As a throttle, a fixed throttle is typically used, which has a throttle bore with a constant diameter. The diameter of the orifice defines the sensitivity of the leakage monitoring, with the sensitivity of the decreasing diameter monitoring of the Throttle bore increases. A typical diameter of the throttle bore is in the present application in the order of about 0.1 mm.

In a development, the supply device has a gas flow sensor for determining a test gas flow fed to the intermediate chamber. As described above, based on the amount of gas flowing through the throttle per unit time (i.e., the check gas flow), the magnitude of the leakage in the intermediate chamber can be deduced.

The supply device typically has a supply line for the test gas. In the supply line can be selectively provided one or possibly more (small) openings. These orifices make it possible to compensate for changes in pressure caused by changes in the temperature of the test gas that might otherwise cause a leakage of the intermediate chamber to be indicated without actually causing leakage.

In a further development, the EUV radiation generating device comprises at least one pressure sensor for determining a test gas pressure in the intermediate chamber. Based on the Prüfgasdrucks in the intermediate chamber, more precisely on the basis of a drop in Prüfgasdrucks, can also be concluded that a leakage of the intermediate chamber. The leakage can be caused by a failure of the first window, the second window and / or the corresponding seals.

In a development, the EUV radiation generating device has a vacuum generating device for generating an operating pressure in the vacuum chamber. As a vacuum generating device typically serves a vacuum pump. The operating pressure in the vacuum chamber in which the target material is disposed is typically on the order of less than 1.0 mbar. Provided in the vacuum chamber is a target material delivery device that guides the target material along a predetermined path that crosses the target position.

In another embodiment, the EUV radiation generating device a focusing device for focusing the laser beam at the target position. The focusing device may have a lens element which transmits the laser radiation and which is formed, for example, from zinc selenide. In addition to or as an alternative to transmitting optical elements, reflecting optical elements can also be used for focusing the laser beam at the target position.

In a further development, the focusing device is arranged in the vacuum chamber. In this case, the beam-guiding chamber can supply a collimated laser beam to the vacuum chamber, which is first focused in the vacuum chamber. It is understood that the focusing can possibly also take place wholly or partly in the beam guiding chamber.

In a further embodiment, at least one of the windows is designed as a plane-parallel plate, wherein preferably both windows are formed as plane-parallel plates. Due to the design as plane-parallel plates, the windows have virtually no optical effect on the typical perpendicular to the plate plane incident laser beam. The material requirement of the material transmitting the laser beam when using plane-parallel plates is low, since the diameter of the plate or disc used must be chosen only slightly larger than the beam diameter of the laser beam, wherein the thickness of the plates can be chosen comparatively small.

In a further development, at least one of the windows is formed from diamond, preferably both windows are formed from diamond. The use of (artificially manufactured) diamond windows has proven to be favorable, since the high laser power (> 1 kW) of the laser beam introduced heat due to the high thermal conductivity of the diamond material can be effectively dissipated. However, the manufacturing costs for the diamond material are comparatively high, so that the thickness of the window should not be too large. In addition, even when using a window with a comparatively large thickness, for example, inadequate cooling can result in the thermal destruction of the diamond material (burnup).

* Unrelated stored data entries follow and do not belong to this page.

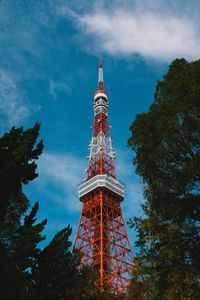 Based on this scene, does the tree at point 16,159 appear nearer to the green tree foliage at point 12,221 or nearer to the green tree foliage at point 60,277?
the green tree foliage at point 12,221

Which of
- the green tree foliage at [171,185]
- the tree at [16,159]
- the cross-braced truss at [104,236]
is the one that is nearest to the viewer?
the green tree foliage at [171,185]

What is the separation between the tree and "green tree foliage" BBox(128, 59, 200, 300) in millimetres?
5002

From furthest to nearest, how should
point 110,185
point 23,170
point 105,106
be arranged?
1. point 105,106
2. point 110,185
3. point 23,170

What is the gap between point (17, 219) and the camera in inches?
570

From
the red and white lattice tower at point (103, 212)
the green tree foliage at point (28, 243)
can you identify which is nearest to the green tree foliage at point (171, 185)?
the green tree foliage at point (28, 243)

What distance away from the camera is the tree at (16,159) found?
11273 millimetres

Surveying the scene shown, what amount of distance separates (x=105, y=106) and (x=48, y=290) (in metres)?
43.3

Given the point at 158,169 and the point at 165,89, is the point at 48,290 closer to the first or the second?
the point at 158,169

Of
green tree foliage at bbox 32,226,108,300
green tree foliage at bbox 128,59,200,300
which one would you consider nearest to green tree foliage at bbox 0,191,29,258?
green tree foliage at bbox 32,226,108,300

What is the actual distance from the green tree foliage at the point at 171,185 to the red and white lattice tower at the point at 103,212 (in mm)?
22191

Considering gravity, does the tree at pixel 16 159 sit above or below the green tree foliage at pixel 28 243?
above

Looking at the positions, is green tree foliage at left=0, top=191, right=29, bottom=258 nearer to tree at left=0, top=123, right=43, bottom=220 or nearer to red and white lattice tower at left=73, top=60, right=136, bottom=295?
tree at left=0, top=123, right=43, bottom=220

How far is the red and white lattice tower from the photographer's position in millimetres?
33188

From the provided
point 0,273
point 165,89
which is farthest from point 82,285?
point 165,89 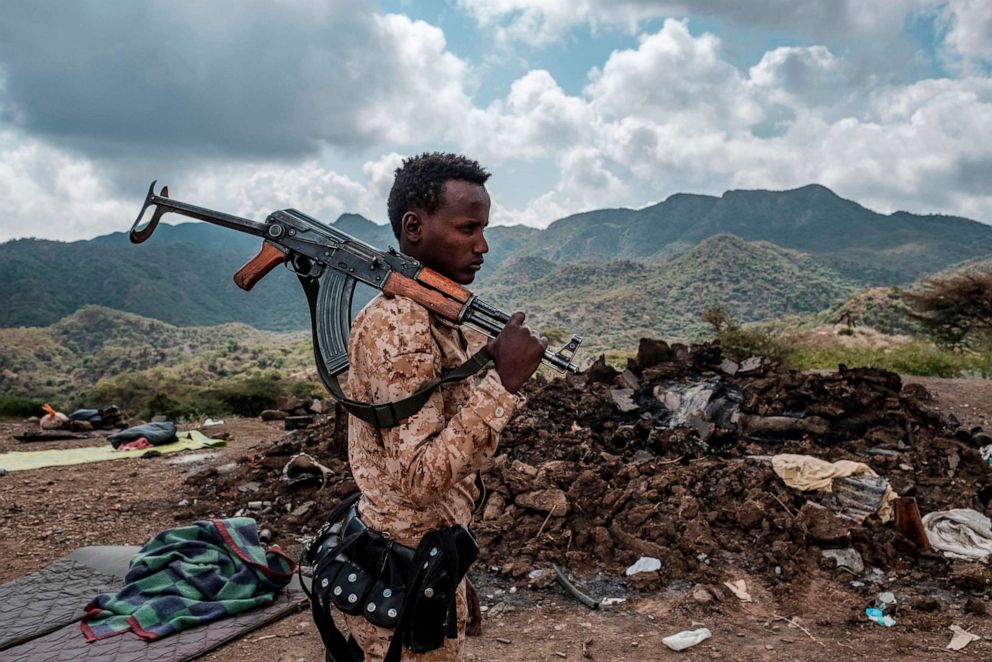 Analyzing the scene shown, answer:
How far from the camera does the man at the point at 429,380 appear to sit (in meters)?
1.26

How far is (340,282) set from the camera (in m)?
1.74

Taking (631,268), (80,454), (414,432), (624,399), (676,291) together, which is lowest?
(80,454)

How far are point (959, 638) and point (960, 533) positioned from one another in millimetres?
1476

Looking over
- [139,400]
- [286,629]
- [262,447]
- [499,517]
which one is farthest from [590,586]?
[139,400]

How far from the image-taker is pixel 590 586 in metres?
4.09

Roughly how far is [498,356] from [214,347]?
60.0m

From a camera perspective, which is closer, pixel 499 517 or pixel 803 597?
pixel 803 597

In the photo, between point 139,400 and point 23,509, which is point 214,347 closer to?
point 139,400

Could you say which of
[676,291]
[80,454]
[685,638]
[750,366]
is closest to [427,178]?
[685,638]

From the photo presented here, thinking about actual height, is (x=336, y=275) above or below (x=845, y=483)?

In a further embodiment, the beam-guiding chamber has a device for widening the laser beam. The CO ₂ laser beam used for generating EUV radiation has a high radiation power (eg greater than 1 kW), so that it is favorable to use comparatively large beam diameters in order not to increase the intensity of the laser radiation as it passes through transmitting optical elements to be let. For the beam expansion of laser radiation with large beam diameters, the use of off-axis parabolic (oid) has proven to be beneficial, as for example in the US 2011/0140008 A1 is described.

A further aspect of the invention relates to a method for operating the EUV radiation generating device of the aforementioned type, comprising: monitoring a leakage of the intermediate chamber based on a Prüfgasdrucks in the intermediate chamber and / or by means of a test gas flow of the intermediate chamber supplied test gas.

As described above, by comparing the test gas pressure and the test gas flow, respectively, with a respective error threshold, a pressure drop in the intermediate chamber may be detected, indicating destruction of one of the two windows. Upon reaching the error threshold, an immediate shutdown of the EUV lithography system can take place, in which the valves or openings between different assemblies of the EUV lithography system, in which, for example, the illumination system or the projection system are arranged, are closed. Alternatively or additionally, a filling or loading of the vacuum environment with an inert gas can take place as a countermeasure.

The monitoring of the intermediate chamber for a leak by means of the test gas also makes it possible to perceive a gradual change in the windows, so that countermeasures can be initiated or a warning can already be issued before the windows break or be destroyed. An increased leakage of the intermediate chamber may be due to poor contact between the window and a holder for the window, In particular, serving as a seal bearing surface or contact surface of the socket are generated. Such inadequate mechanical contact may be an indication of a change in the abutment surface and thus an impediment to heat transfer from the window to the material of the fixture which serves as a heat sink for the window. An insufficiently cooled window, eg made of diamond, heats up relatively quickly due to absorption and can be destroyed by overheating.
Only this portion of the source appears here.